Note: this answer is based on an older revision of the question
In Java, I think something like this is what you want:
String[] tests = {
"One Two 1 & 2",
"Boeing 737 2, 4 & 6",
"Lucky 7",
"MI6 agent 007, 006",
"2010-05 26, 27 & 28"
};
for (String test : tests) {
String[] parts = test.split("(?=\\d+(, \\d+)*( & \\d+)?$)", 2);
for (String number : parts[1].split("\\D+")) {
System.out.println(parts[0] + number);
}
}
This prints: (as seen on ideone.com)
One Two 1
One Two 2
Boeing 737 2
Boeing 737 4
Boeing 737 6
Lucky 7
MI6 agent 007
MI6 agent 006
2010-05 26
2010-05 27
2010-05 28
Essentially we use lookahead to split where the special number sequence begins, limiting the split into 2 parts. The special number sequence is then split on any sequence of non-digits \D+
.
The pattern for the special number sequence, as shown in the lookahead, is:
\d+(, \d+)*( & \d+)?$
API references
String[] split(String regex, int limit)
- The
limit
parameter controls the number of times the pattern is applied and therefore affects the length of the resulting array. If the limit n
is greater than zero then the pattern will be applied at most n - 1
times, the array's length will be no greater than n
, and the array's last entry will contain all input beyond the last matched delimiter.
See also
A single replaceAll
solution
If, for whatever reason, you insist on doing this in one swooping replaceAll
, you can write something like this:
String[] tests = {
"One Two 1 & 2",
"Boeing 737 2, 4 & 6",
"Lucky 7",
"MI6 agent 007, 006",
"2010-05 26, 27 & 28",
};
String sequence = "\\d+(?:, \\d+)*(?: & \\d+)?$";
for (String test : tests) {
System.out.println(
test.replaceAll(
"^.*?(?=sequence)|(?<=(?=(.*?)(?=sequence))^.*)(\\d+)(\\D+)?"

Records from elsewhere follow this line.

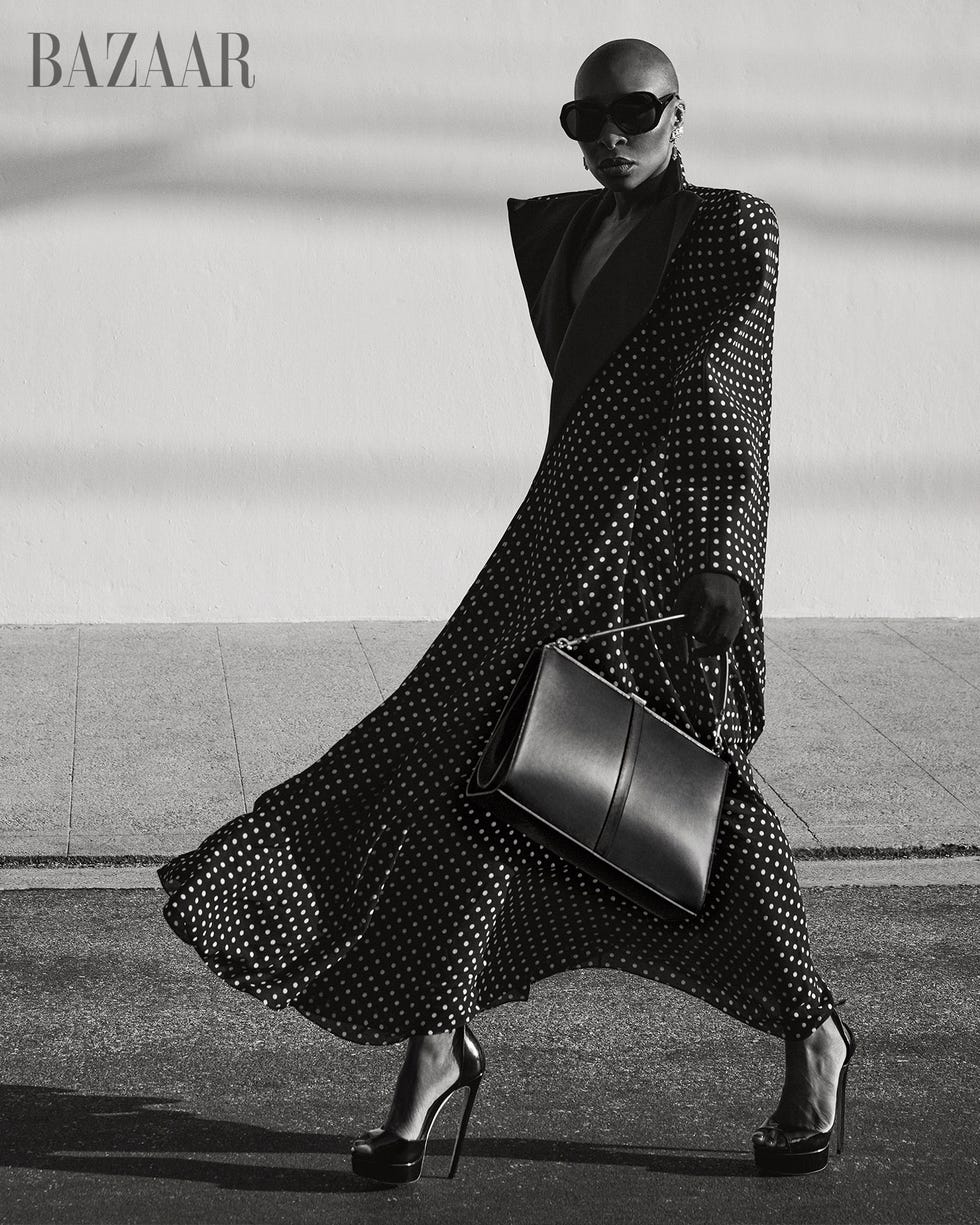 cynthia erivo harpers bazaar 2025 cover story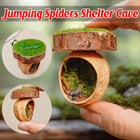 Jumping Spider Shelter Cave Safe Ventilated for Pet Spider Habitat Supplies Use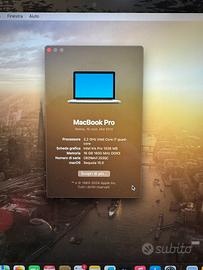 Macbook pro 15” mid 2014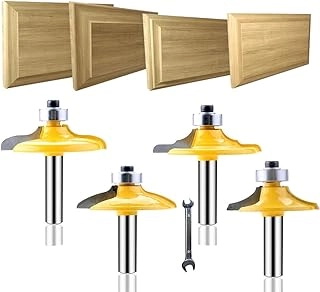 Router Bit Set - 1/4-Inch 4 PCS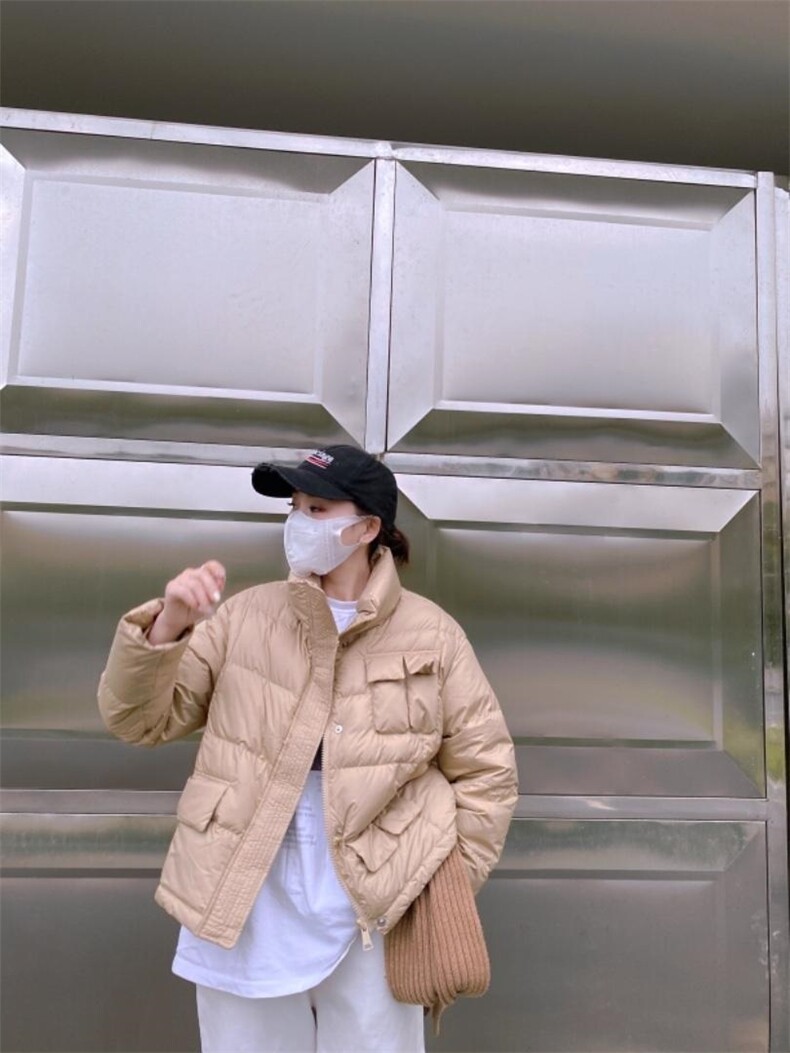 小款羽绒服，女装羽绒服，驿谷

.replace("sequence", sequence),
"$1$2$3"
)
);
}
The output (as seen on on ideone.com):
One Two 1 & One Two 2
Boeing 737 2, Boeing 737 4 & Boeing 737 6
Lucky 7
MI6 agent 007, MI6 agent 006
2010-05 26, 2010-05 27 & 2010-05 28
This uses triple-nested assertions, including the infinite-length lookbehind feabug in Java. I wouldn't recommend using it, but there it is.